For my body of work, I am increasingly using computer-generated characters in my images, this has led me to discover a phenomenon called the Uncanny Valley.

The uncanny valley is used to describe the relationship between the human-like appearance of an object and the emotional response it evokes. In this phenomenon, people feel a sense of unease or even revulsion to humanoid objects that approach a high level of realism.

In 1970 professor Masahiro Mori identified this concept and called it “bukimi no tani genshō (不気味の谷現象)” which translates literally to “Uncanny valley phenomenon”  this translation was first used in 1978 by Jasia Reichardt in the boo Robots: Fact, Fiction, and Prediction

Mori’s original hypothesis states that as the appearance of a robot is made more human, some observers’ emotional response to the robot becomes increasingly positive and empathetic, until it reaches a point beyond which the response quickly becomes strong revulsion. However, as the robot’s appearance continues to become less distinguishable from a human being, the emotional response becomes positive once again and approaches human-to-human empathy levels.

This area of repulsive response aroused by a robot with appearance and motion between a “barely human” and “fully human” entity is the uncanny valley. The name captures the idea that an almost human-looking robot seems overly “strange” to some human beings, produces a feeling of uncanniness, and thus fails to evoke the empathic response required for productive human–robot interaction.

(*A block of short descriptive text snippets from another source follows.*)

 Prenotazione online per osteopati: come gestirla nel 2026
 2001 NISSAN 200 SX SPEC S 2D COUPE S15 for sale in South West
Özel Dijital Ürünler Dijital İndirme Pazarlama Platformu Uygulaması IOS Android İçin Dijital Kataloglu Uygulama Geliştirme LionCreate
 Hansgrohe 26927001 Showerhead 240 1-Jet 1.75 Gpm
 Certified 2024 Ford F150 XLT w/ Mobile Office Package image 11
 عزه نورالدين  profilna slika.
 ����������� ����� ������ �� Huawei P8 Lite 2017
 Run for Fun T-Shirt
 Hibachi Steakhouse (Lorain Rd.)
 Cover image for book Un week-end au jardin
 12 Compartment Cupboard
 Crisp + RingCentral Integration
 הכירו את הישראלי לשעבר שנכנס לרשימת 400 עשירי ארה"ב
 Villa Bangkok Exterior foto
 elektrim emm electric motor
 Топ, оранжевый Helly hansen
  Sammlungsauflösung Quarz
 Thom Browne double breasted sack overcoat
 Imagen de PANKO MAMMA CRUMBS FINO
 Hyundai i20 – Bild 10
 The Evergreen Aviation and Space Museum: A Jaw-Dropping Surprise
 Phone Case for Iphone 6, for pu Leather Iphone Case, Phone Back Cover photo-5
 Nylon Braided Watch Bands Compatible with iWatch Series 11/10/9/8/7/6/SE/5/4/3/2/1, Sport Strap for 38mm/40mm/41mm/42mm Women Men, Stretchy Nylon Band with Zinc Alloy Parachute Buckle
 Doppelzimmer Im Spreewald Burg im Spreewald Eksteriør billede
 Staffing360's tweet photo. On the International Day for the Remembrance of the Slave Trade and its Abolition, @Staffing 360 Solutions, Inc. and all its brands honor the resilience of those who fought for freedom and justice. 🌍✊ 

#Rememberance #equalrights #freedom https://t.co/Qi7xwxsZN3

The following pictures are examples of the more extreme reaction of the uncanny valley, the first is a dentist practice dummy and the other two are human likenesses from robotics commonly used to demonstrate the uncanny valley

Relevance to Contextual Studies

The existence of the uncanny valley and the viewer reaction to its effects have d direct effect on my body of work and the way it is likely to be received by the public, my intention is to research the phenomenon and determine what if any tricks and techniques can be applied to my work to make it more acceptable to the wider public.

The 2001  film Final Fantasy: The Spirits Within, was the first computer-animated feature film took a dive at the box office gaining a Rotten Tomatoes score of 44% which has been attributed to the effect the uncanny valley had on the audience, this was so pronounced that when the animated character of Princess Fiona was shown to children in a test screening she made them cry, Dreamworks took the decision to back off the reality and make her more cartoon-like so that she did not tip into the uncanny valley, a decision that made it a hit with a rotten tomatoes score of 90%.

There are clearly repercussions in computer generating humans and though techniques and technology are advancing rapidly to a point where I can generate a very realistic human on my PC now a process that took hundreds of hours and a room full of rendering computers in the early days of Pixar. It still seems that an understanding of the uncanny valley and what triggers it are a key skill if I am to pull off my body of work.

This also leads me to the debate of how much traditional photography is being replaced by Computer Generated imagery, and the reaction people have to this.

I have recently conducted an experiment at a camera club entering photographic competitions with increasingly less believable people the reaction was interesting and has triggered a debate about what is acceptable in their competition rules, which don’t currently exclude this type of image. To make the argument even more heated the process of creating these images is very similar in every way to taking a photograph so the debate is getting heated.